Image-caption web data:
________

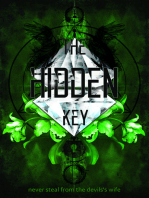 The Hidden Key (Second Sacred Trinity)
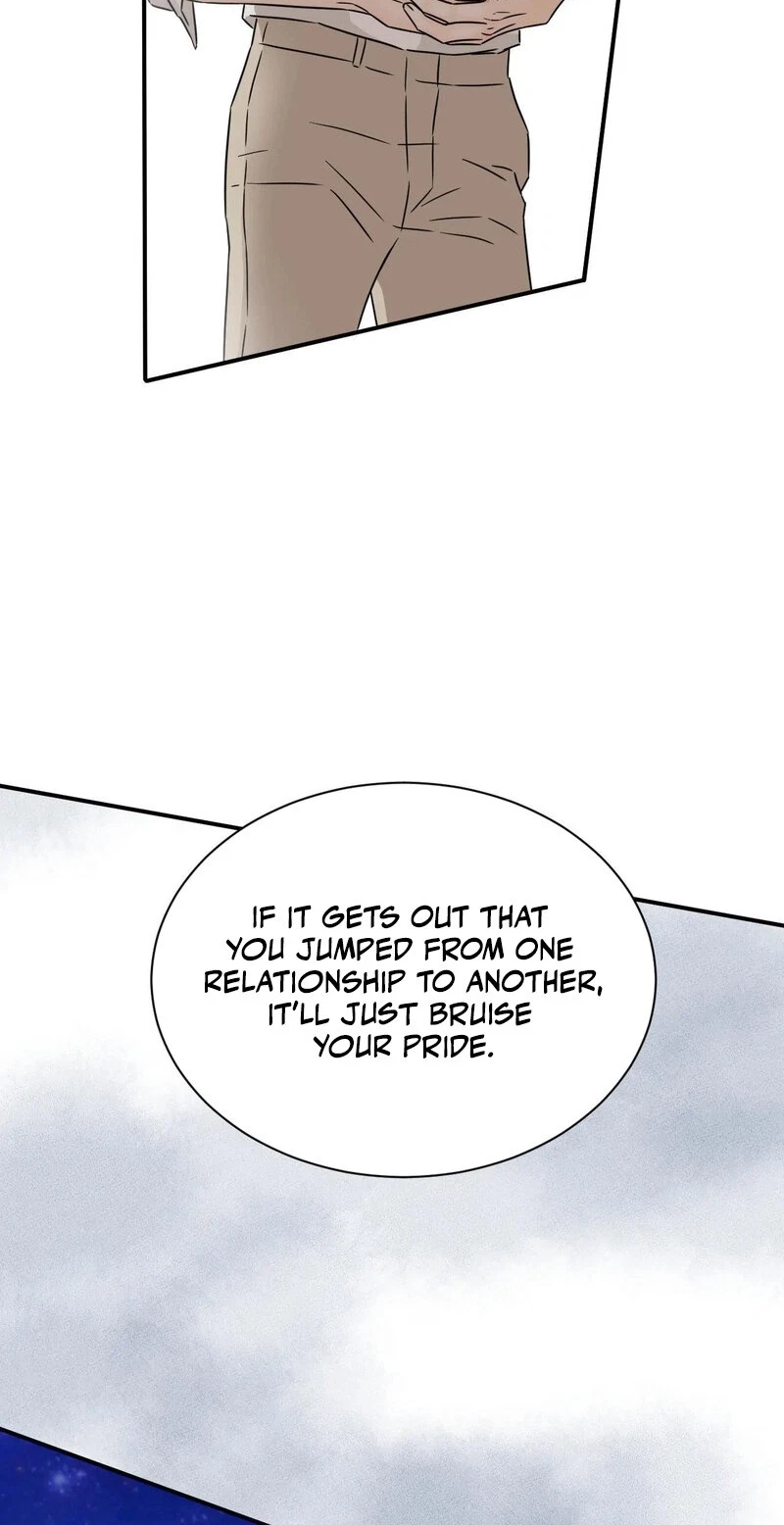 My Mother's Lover 2 Chapter 24, page 40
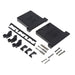 D50000Z00/AA by Amphenol Positronic - BACKSHELL
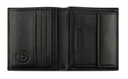 BUGATTI WALLET 49160401 Nome wallet vertical, small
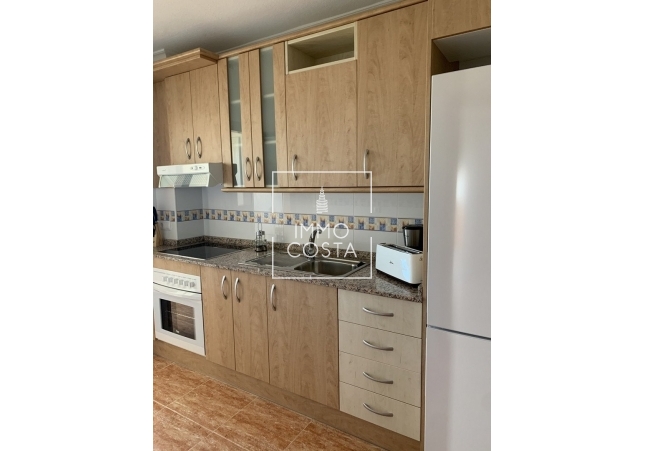 Obra nueva - Apartamento / piso - La Manga del Mar Menor - La Manga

________

Transcribe every entry exactly. Leave out the pictures.

EXERCISE SOLUTION:
 The Hidden Key (Second Sacred Trinity)
 My Mother's Lover 2 Chapter 24, page 40
 D50000Z00/AA by Amphenol Positronic - BACKSHELL
 BUGATTI WALLET 49160401 Nome wallet vertical, small
 Obra nueva - Apartamento / piso - La Manga del Mar Menor - La Manga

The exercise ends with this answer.